IMPACT ON TAXPAYERS
Corporate mergers and acquisitions can be large dollar, complex transactions that potentially have large tax implications. Some of those transactions can be tax-free depending on the structure. It is important that the IRS ensure that these complex transactions are in compliance with the tax law and that the appropriate amount of tax is paid.
WHY TIGTA DID THE AUDIT
The Institute for Mergers, Acquisitions, and Alliances reports that there were 14,540 mergers and acquisitions in the United States in Calendar Year 2018, with a value of almost $1.9 trillion. There have been approximately 120,000 domestic corporate mergers and acquisitions in the last 10 calendar years, totaling $15.3 trillion. The Internal Revenue Code permits tax-free treatment for transactions that meet certain technical requirements, and taxpayers sometimes make the form of the transaction appear to satisfy those requirements while the substance does not. The Large Business and International Division (LB&I) has been transitioning to issue-based audits and has adopted a “campaign” approach to auditing specific issues. TIGTA performed this review to determine whether the IRS had an effective strategy with respect to the compliance risks presented by mergers and acquisitions.
WHAT TIGTA FOUND
The IRS does not have an overall strategy to address potential tax noncompliance of merger and acquisition transactions. IRS Examination managers TIGTA spoke with asserted that issues related to mergers and acquisitions generally receive the same attention as any other issue. IRS data indicate that adjustments were proposed in 400 (8 percent) of the 4,965 instances in which mergers and acquisitions were potentially an issue in closed cases from Fiscal Years 2015 through 2018. When LB&I Division examiners were able to propose an adjustment to merger and acquisition issues, the proposed adjustments were significant: an average of approximately $15.2 million per issue. The IRS collects information on mergers and acquisitions from taxpayers engaging in those transactions but does not use it to identify potential noncompliance. Taxpayers that engage in a tax-free reorganization must notify the IRS with their next tax return by including a statement. When TIGTA asked the IRS to provide the number of these statements filed for Tax Years 2015 through 2017, the IRS explained that while these statements are part of the taxpayer’s return, it was unable to provide the information.
WHAT TIGTA RECOMMENDED
TIGTA recommended that the Commissioner, LB&I Division: 1) establish a strategy for assessing compliance risk and promoting tax compliance in the mergers and acquisitions area, including determining if returns with high-risk merger and acquisition transactions can be identified before they reach the field; and 2) determine whether the merger and acquisition tax forms, and information provided on them, could be used as a compliance tool within a larger strategy to assess risk and ensure that corporate merger and acquisition transactions are compliant with the tax code.
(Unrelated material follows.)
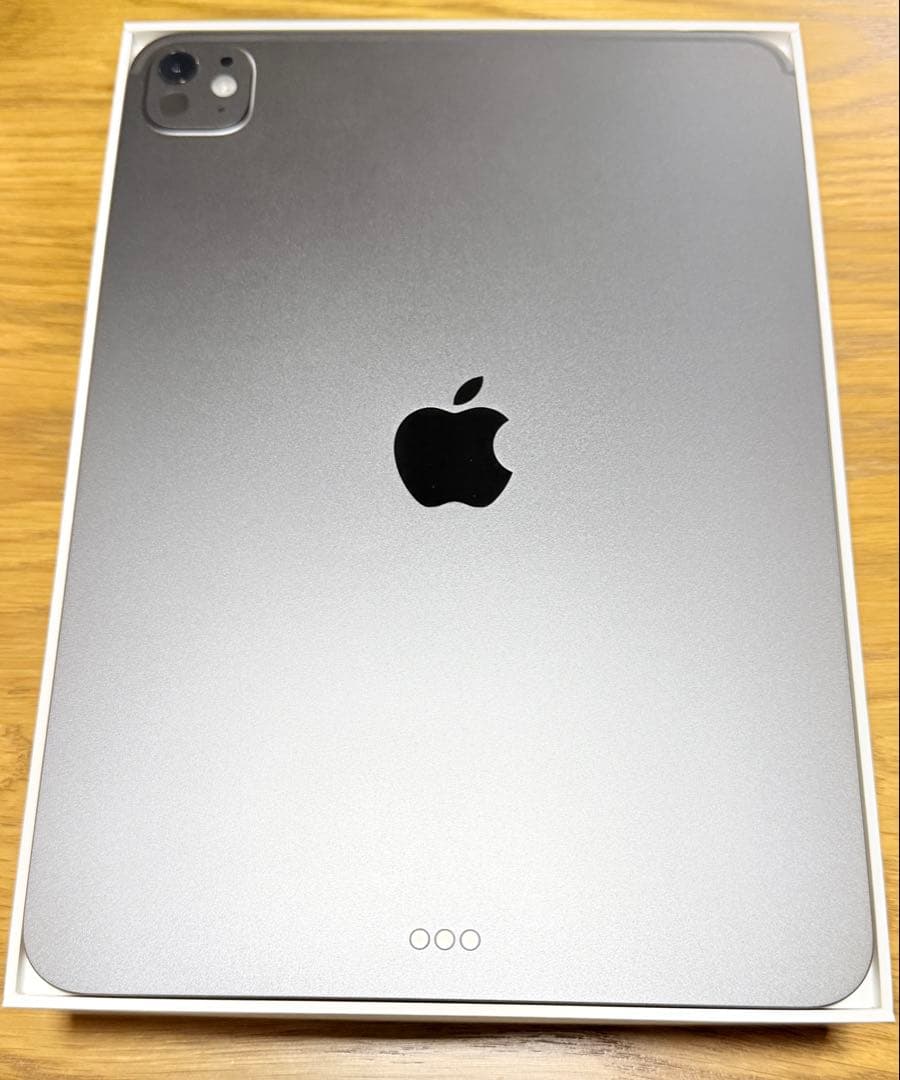 マイちゃん様　iPadPro 11インチ M5 スペースブラック　256GB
The IRS disagreed with the first recommendation and agreed with the second. The IRS stated that it already has a strategy consistent with the goals of the recommendation. TIGTA believes the IRS’s described approaches to merger and acquisition transactions have been limited, separate, and distinct from one another and support the need for a consolidated strategic approach.
Highlights of Reference Number: 2019-30-050 to the Commissioner of Internal Revenue.